--- Materials provided Enclosed Below ---

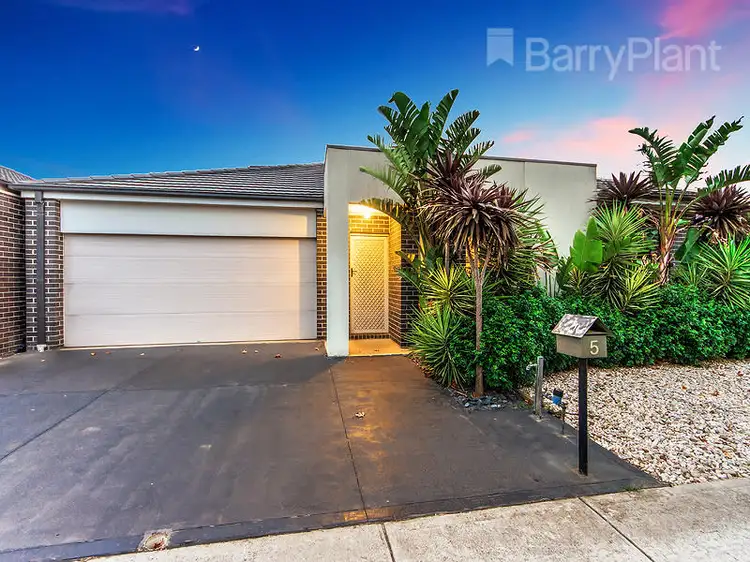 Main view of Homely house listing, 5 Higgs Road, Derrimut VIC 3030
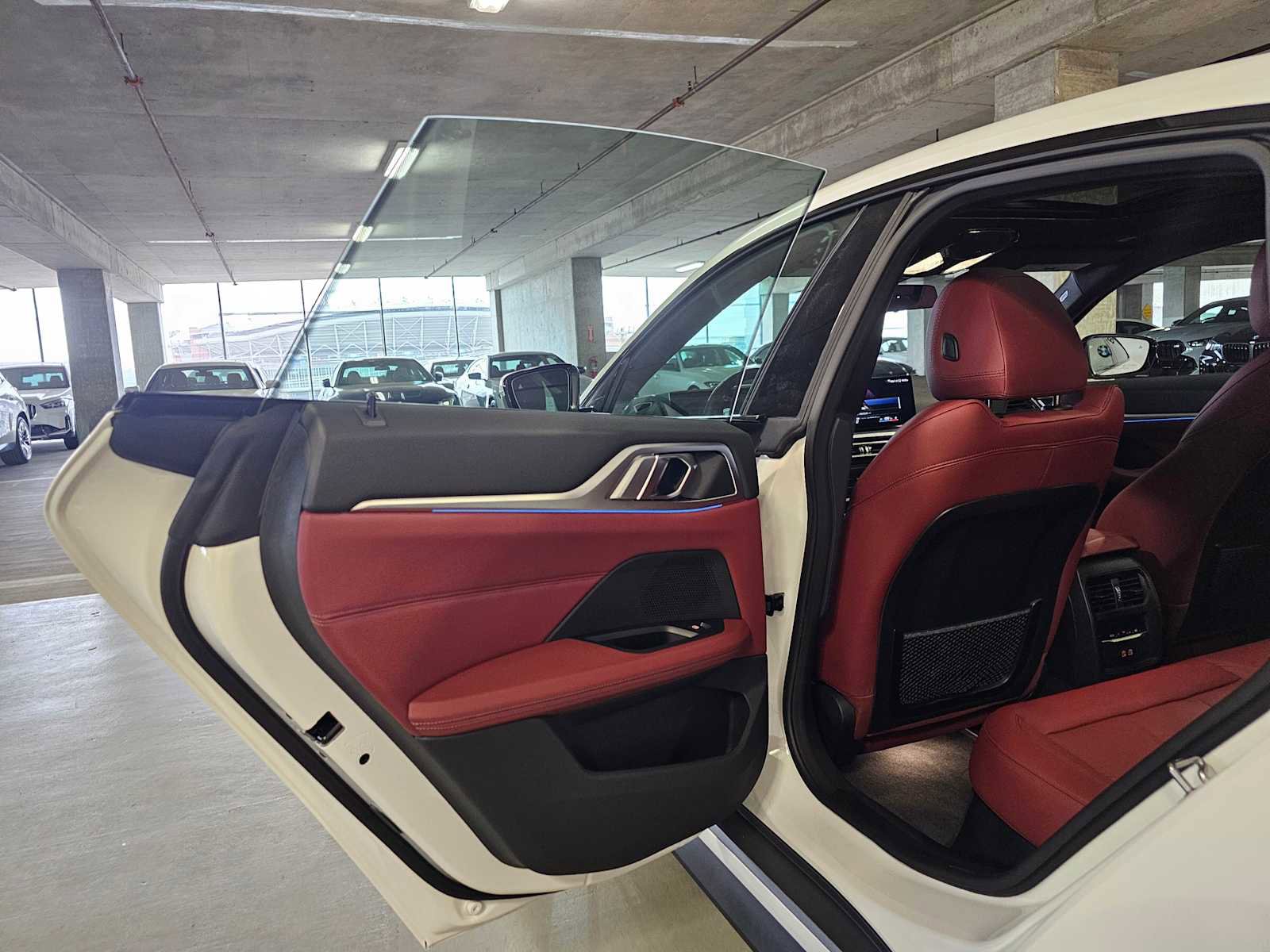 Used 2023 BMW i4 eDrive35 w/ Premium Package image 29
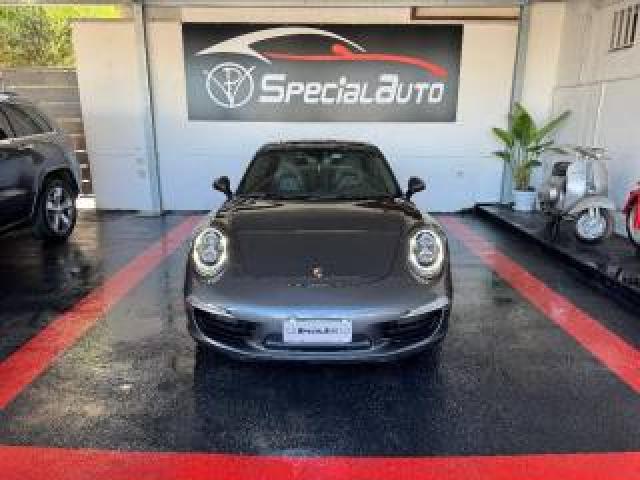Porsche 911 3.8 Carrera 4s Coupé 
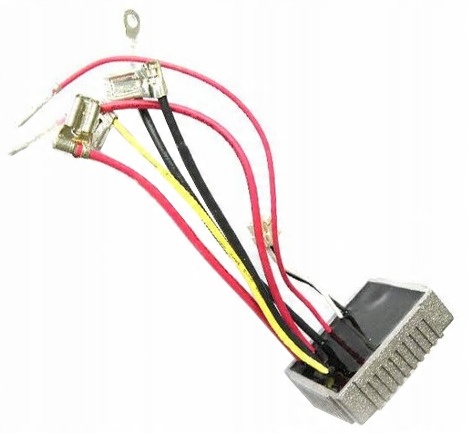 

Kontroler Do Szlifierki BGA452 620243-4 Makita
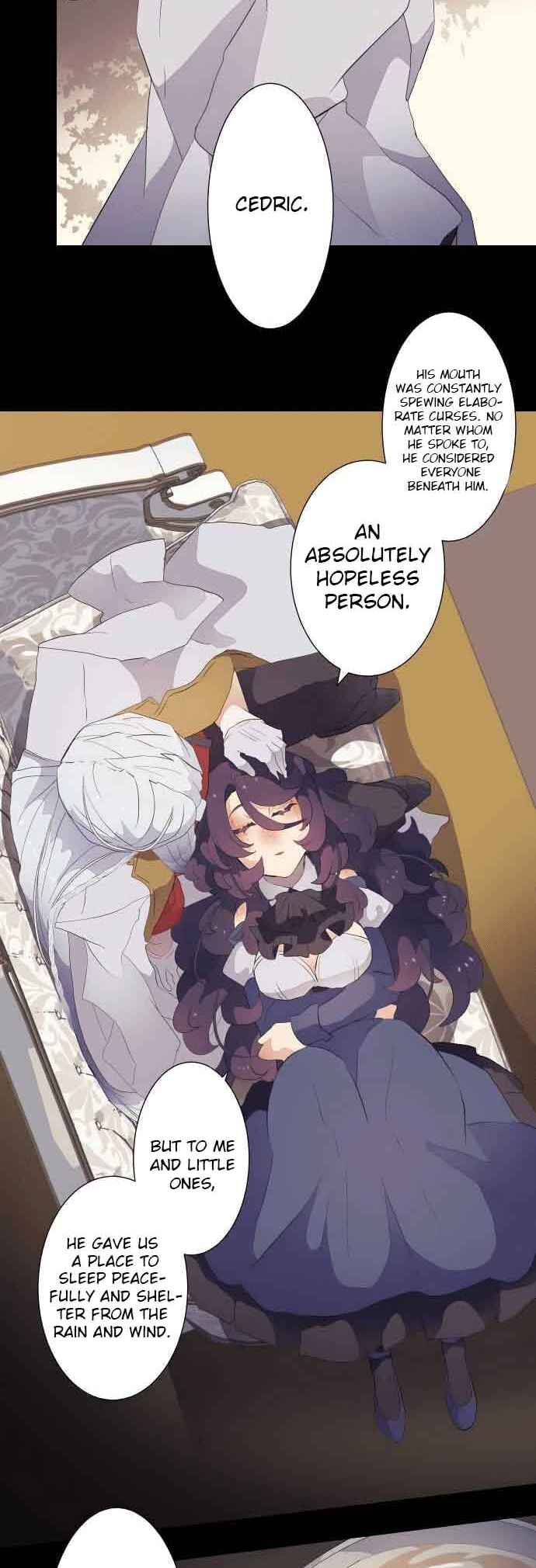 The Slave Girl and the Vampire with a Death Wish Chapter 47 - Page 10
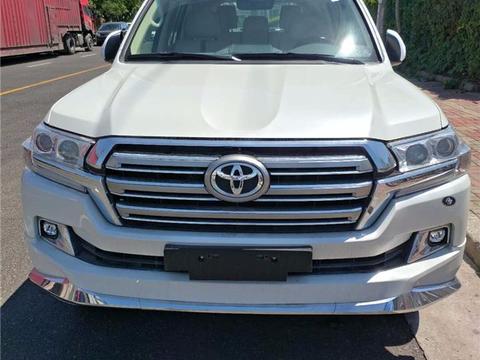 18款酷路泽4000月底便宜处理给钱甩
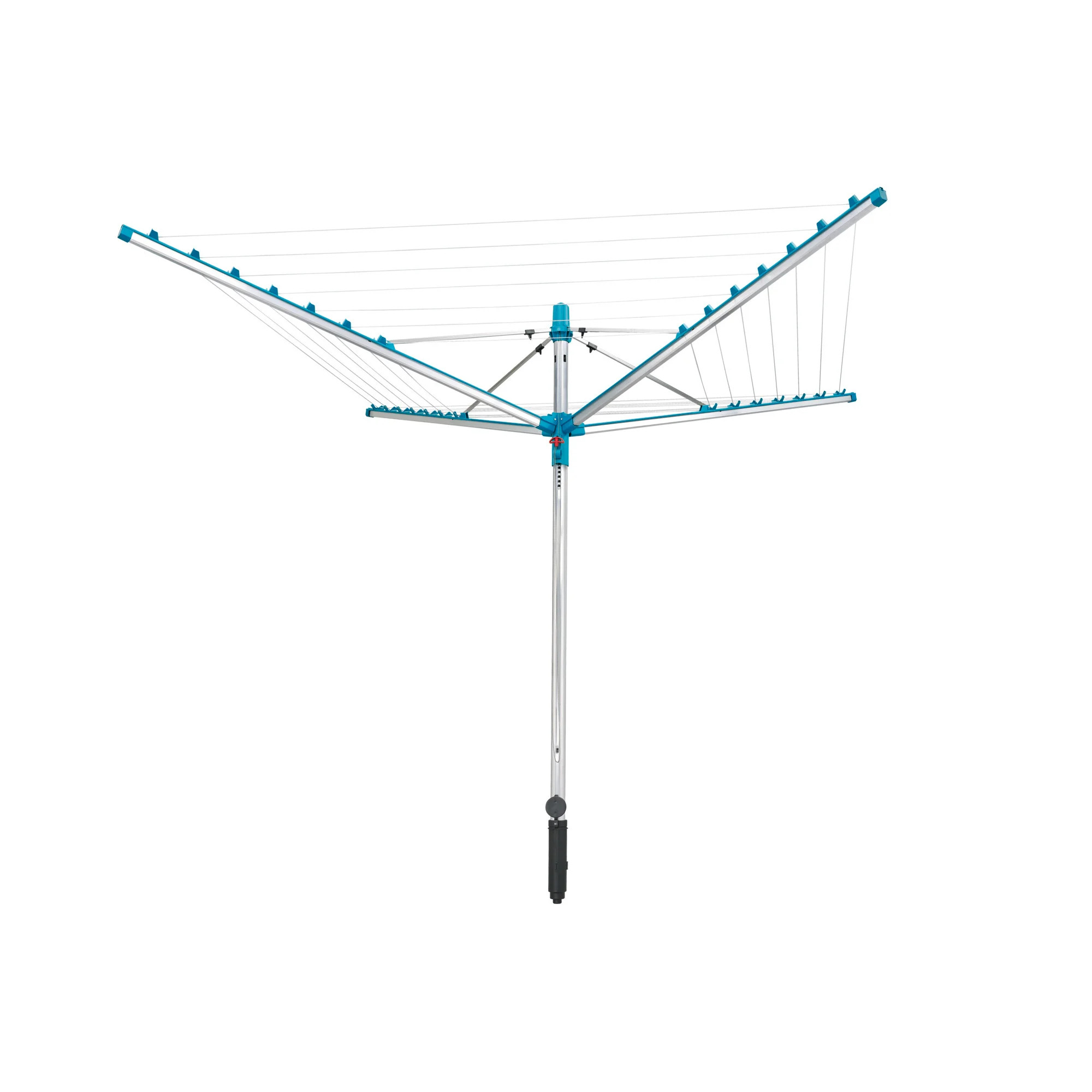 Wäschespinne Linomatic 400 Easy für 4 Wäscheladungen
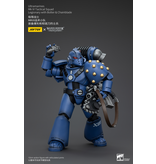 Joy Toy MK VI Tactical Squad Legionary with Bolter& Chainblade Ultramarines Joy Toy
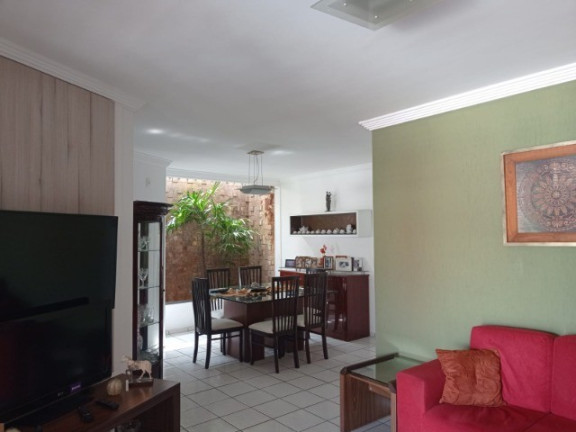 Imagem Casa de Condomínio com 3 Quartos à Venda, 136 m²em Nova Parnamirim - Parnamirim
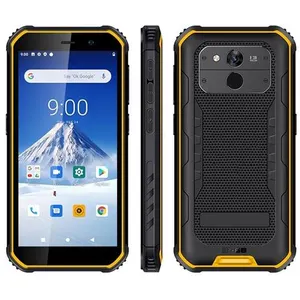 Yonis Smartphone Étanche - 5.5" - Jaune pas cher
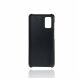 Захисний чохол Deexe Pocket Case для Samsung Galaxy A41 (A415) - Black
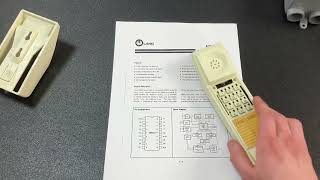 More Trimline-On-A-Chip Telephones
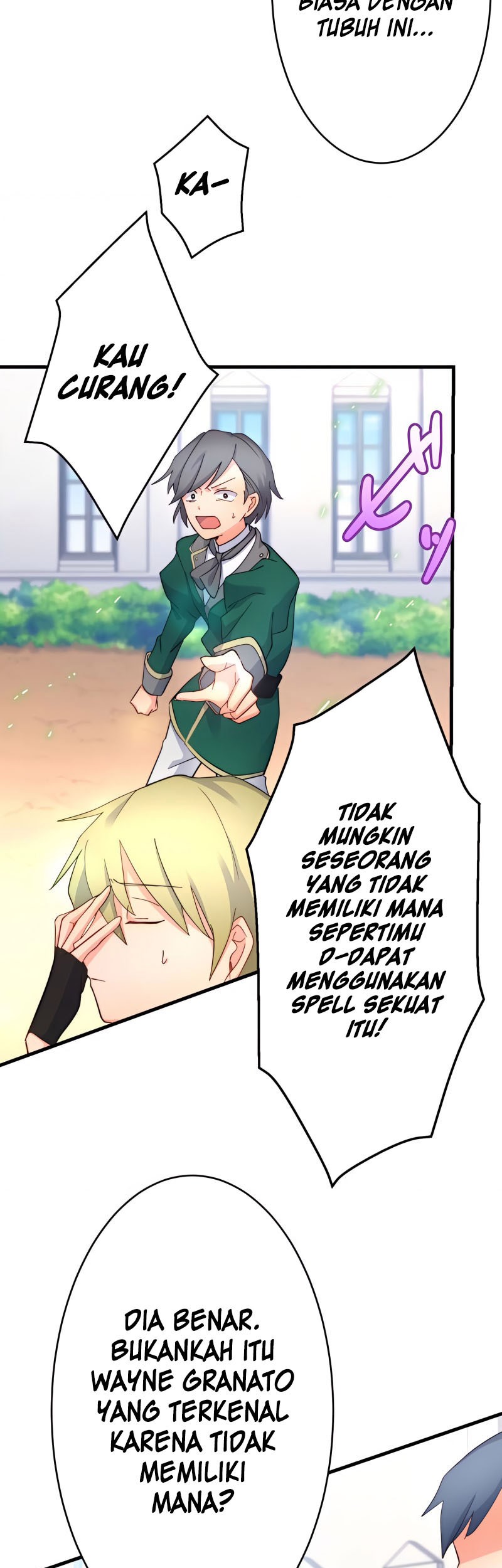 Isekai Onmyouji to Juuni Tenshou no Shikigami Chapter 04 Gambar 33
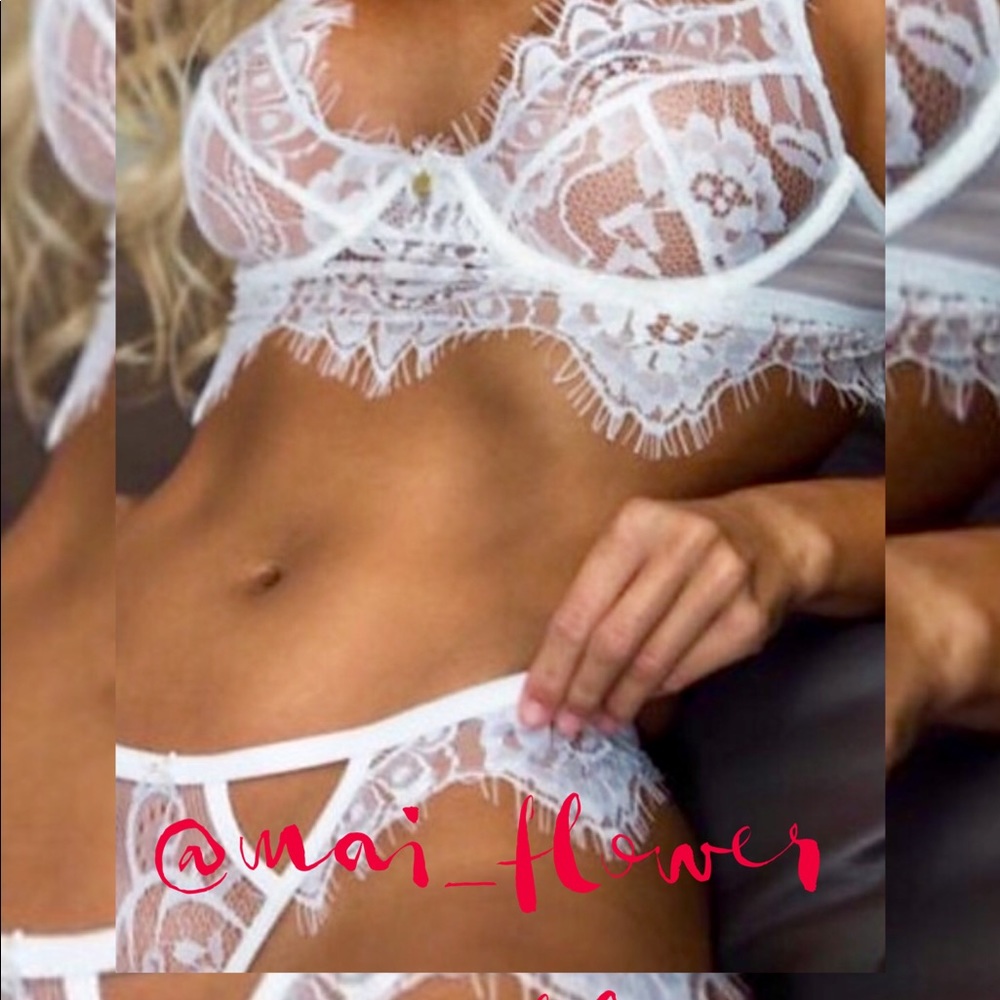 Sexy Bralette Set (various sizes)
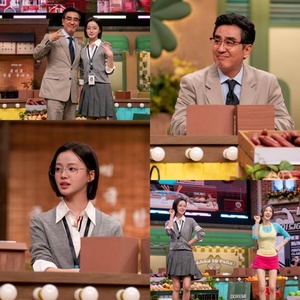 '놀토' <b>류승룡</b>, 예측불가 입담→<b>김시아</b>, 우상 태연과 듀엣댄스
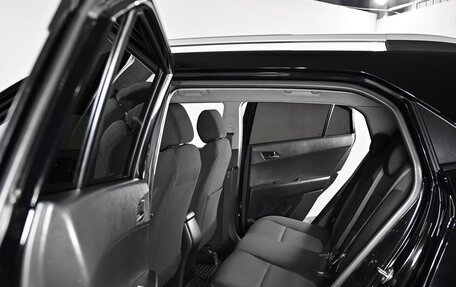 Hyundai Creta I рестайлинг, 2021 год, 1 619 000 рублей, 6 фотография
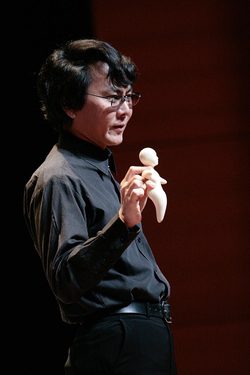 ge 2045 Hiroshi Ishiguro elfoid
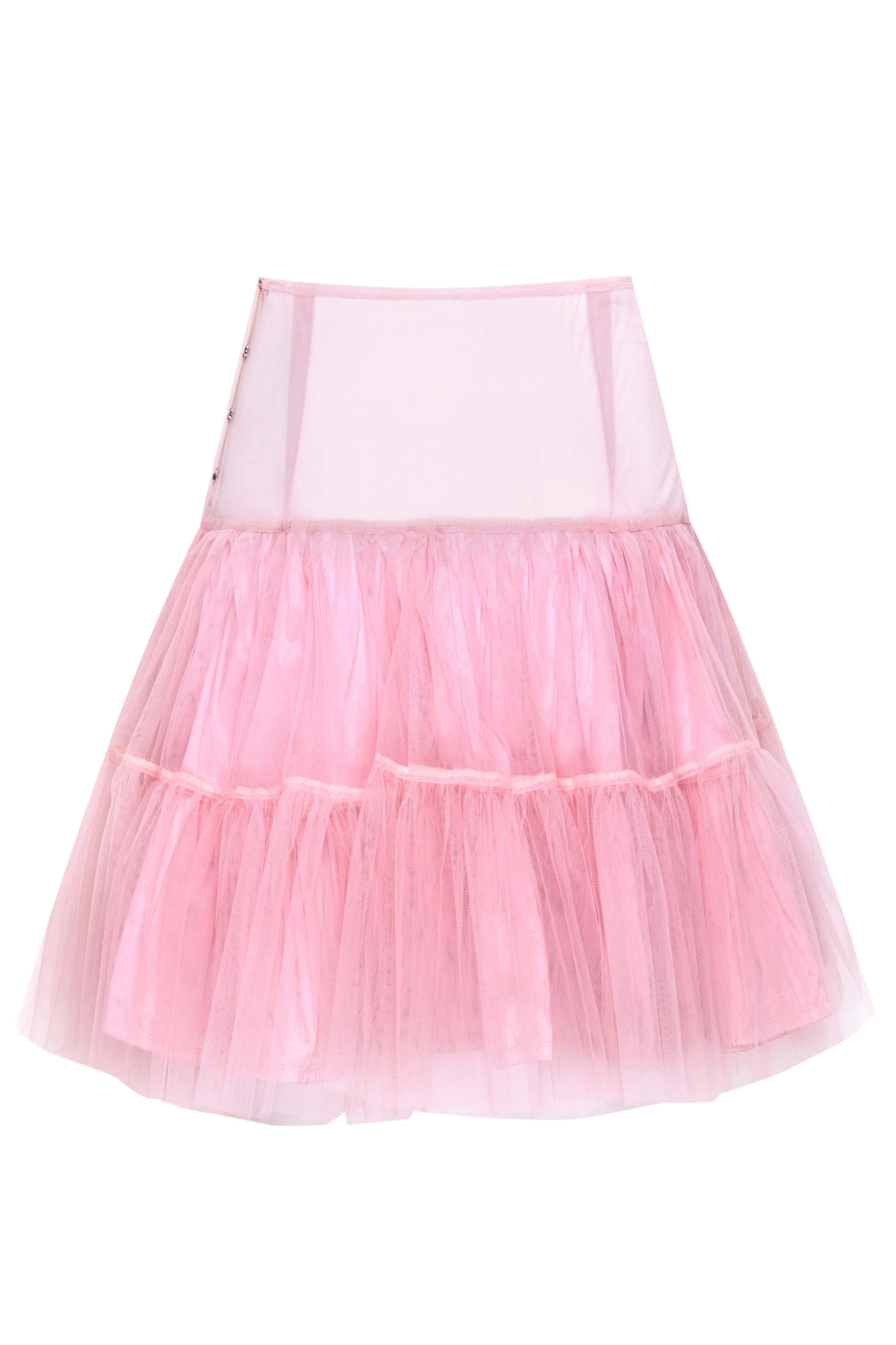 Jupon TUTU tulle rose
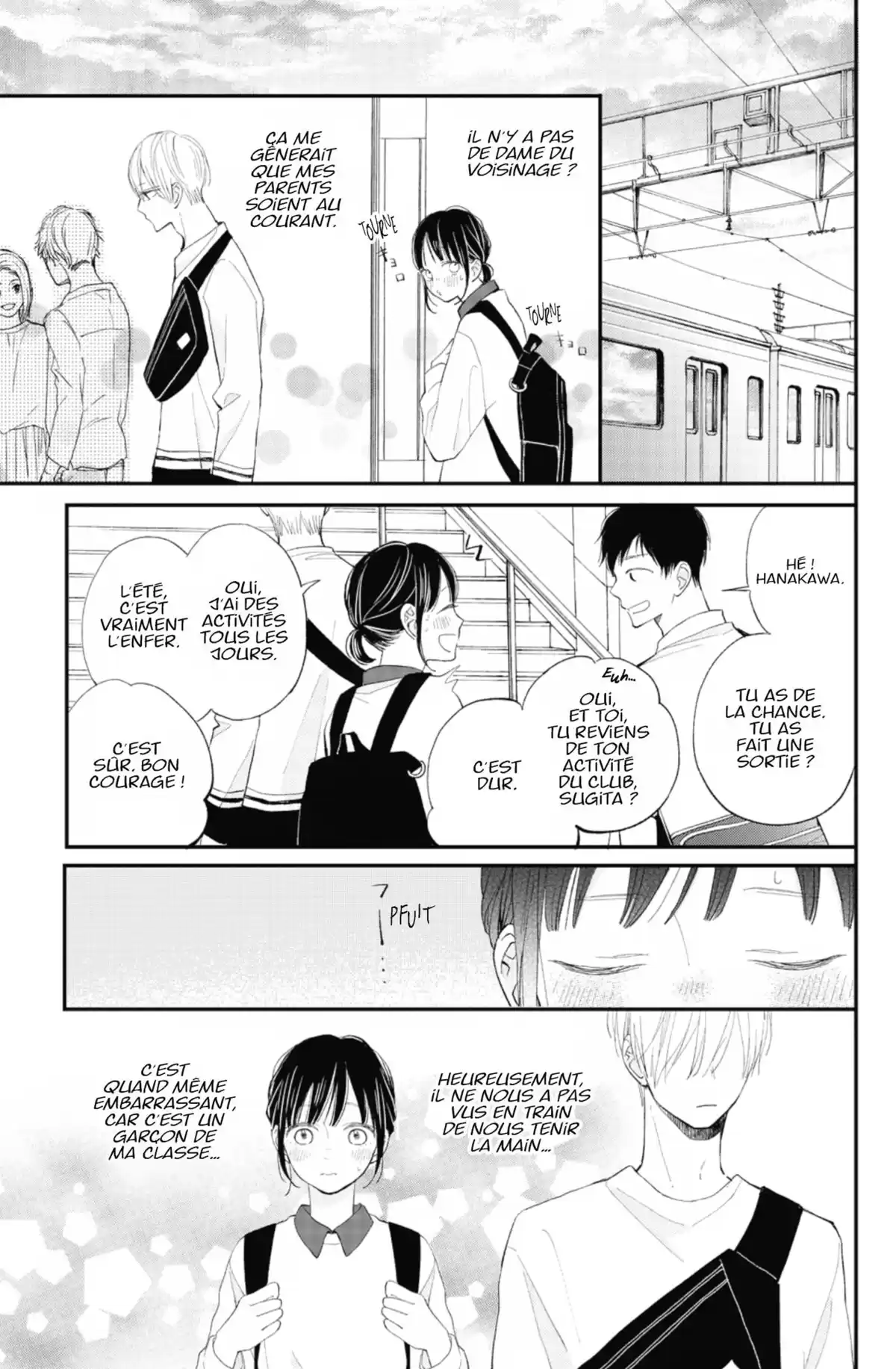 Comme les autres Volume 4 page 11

--- End of Enclosed Materials provided ---

§ **Task to complete**: Transcribe all records verbatim and omit each image.

§ **Answer below**:
 Main view of Homely house listing, 5 Higgs Road, Derrimut VIC 3030
 Used 2023 BMW i4 eDrive35 w/ Premium Package image 29
Porsche 911 3.8 Carrera 4s Coupé 

Kontroler Do Szlifierki BGA452 620243-4 Makita
 The Slave Girl and the Vampire with a Death Wish Chapter 47 - Page 10
 18款酷路泽4000月底便宜处理给钱甩
 Wäschespinne Linomatic 400 Easy für 4 Wäscheladungen
 Joy Toy MK VI Tactical Squad Legionary with Bolter& Chainblade Ultramarines Joy Toy
 Imagem Casa de Condomínio com 3 Quartos à Venda, 136 m²em Nova Parnamirim - Parnamirim
 Yonis Smartphone Étanche - 5.5" - Jaune pas cher
 Захисний чохол Deexe Pocket Case для Samsung Galaxy A41 (A415) - Black
 More Trimline-On-A-Chip Telephones
 Isekai Onmyouji to Juuni Tenshou no Shikigami Chapter 04 Gambar 33
 Sexy Bralette Set (various sizes)
 '놀토' <b>류승룡</b>, 예측불가 입담→<b>김시아</b>, 우상 태연과 듀엣댄스
 Hyundai Creta I рестайлинг, 2021 год, 1 619 000 рублей, 6 фотография
 ge 2045 Hiroshi Ishiguro elfoid
 Jupon TUTU tulle rose
 Comme les autres Volume 4 page 11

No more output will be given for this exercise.